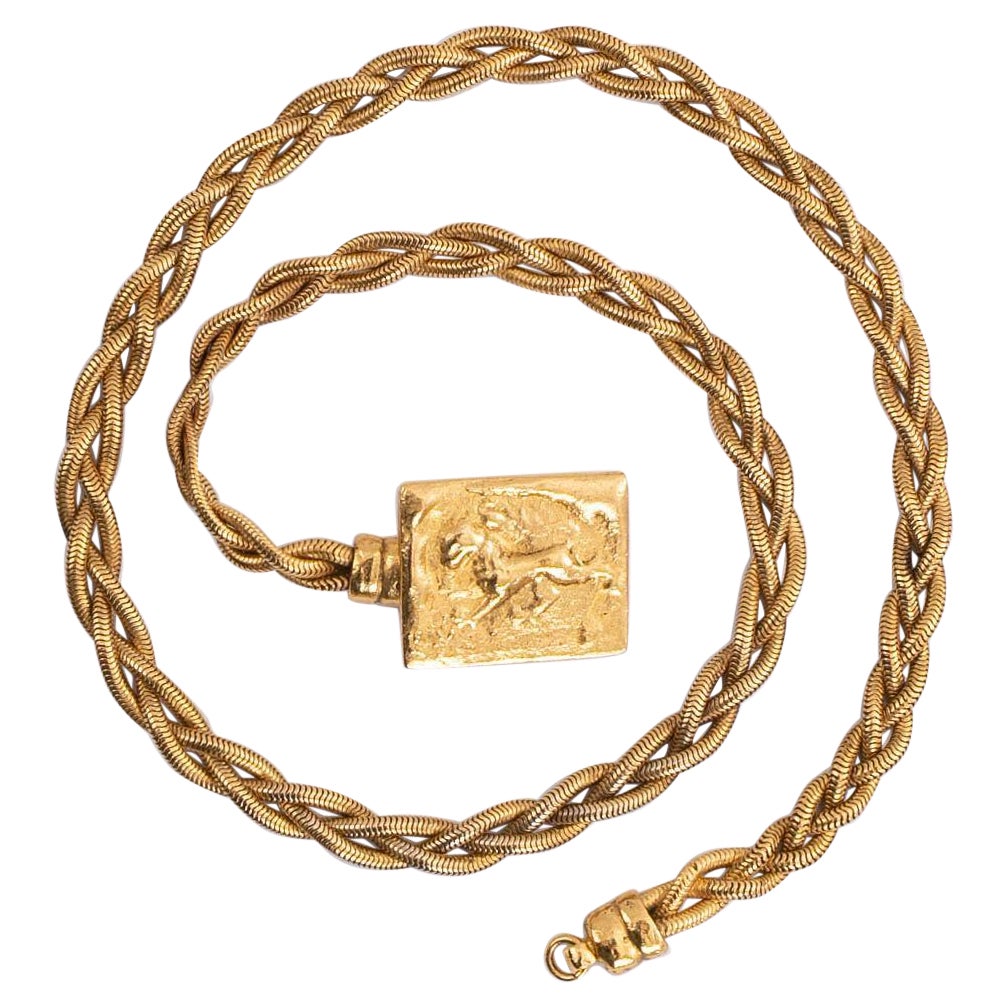 Cinturón Chanel de metal dorado con hebilla rectangular martillada en venta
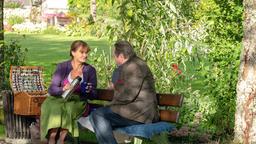 Benedikt Beissl (Andreas Giebel) trifft sich mit seiner Frau Elisabeth (Barbara Weinzierl) in der Mittagspause auf einen Kaffee im Park.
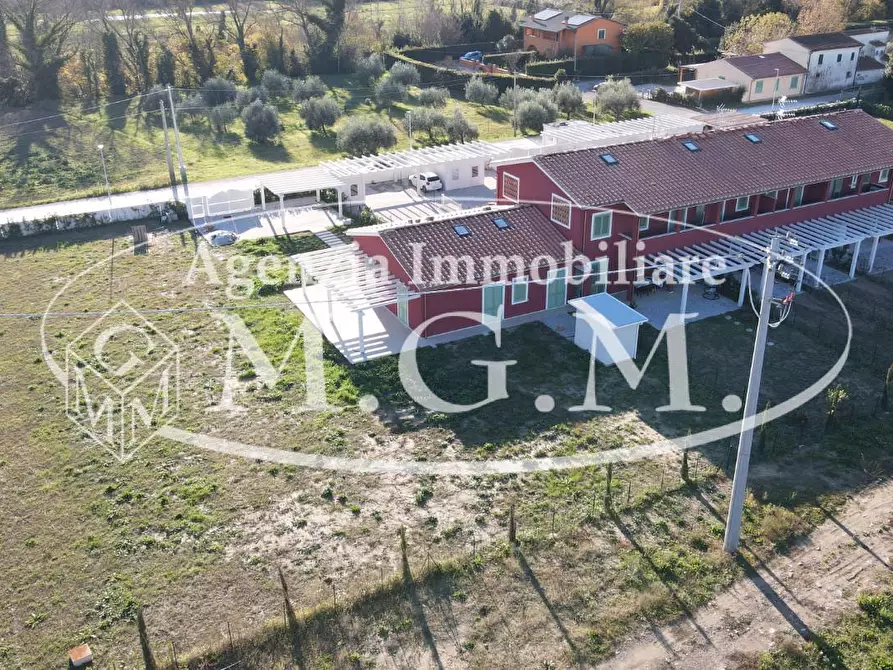Immagine 30 di Villa in vendita  a Calcinaia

→ Exercise:
Please write out every line of the listing above exactly, and leave the images behind.

→ Response to the task:
 Cinturón Chanel de metal dorado con hebilla rectangular martillada en venta
 Benedikt Beissl (Andreas Giebel) trifft sich mit seiner Frau Elisabeth (Barbara Weinzierl) in der Mittagspause auf einen Kaffee im Park.
Immagine 30 di Villa in vendita  a Calcinaia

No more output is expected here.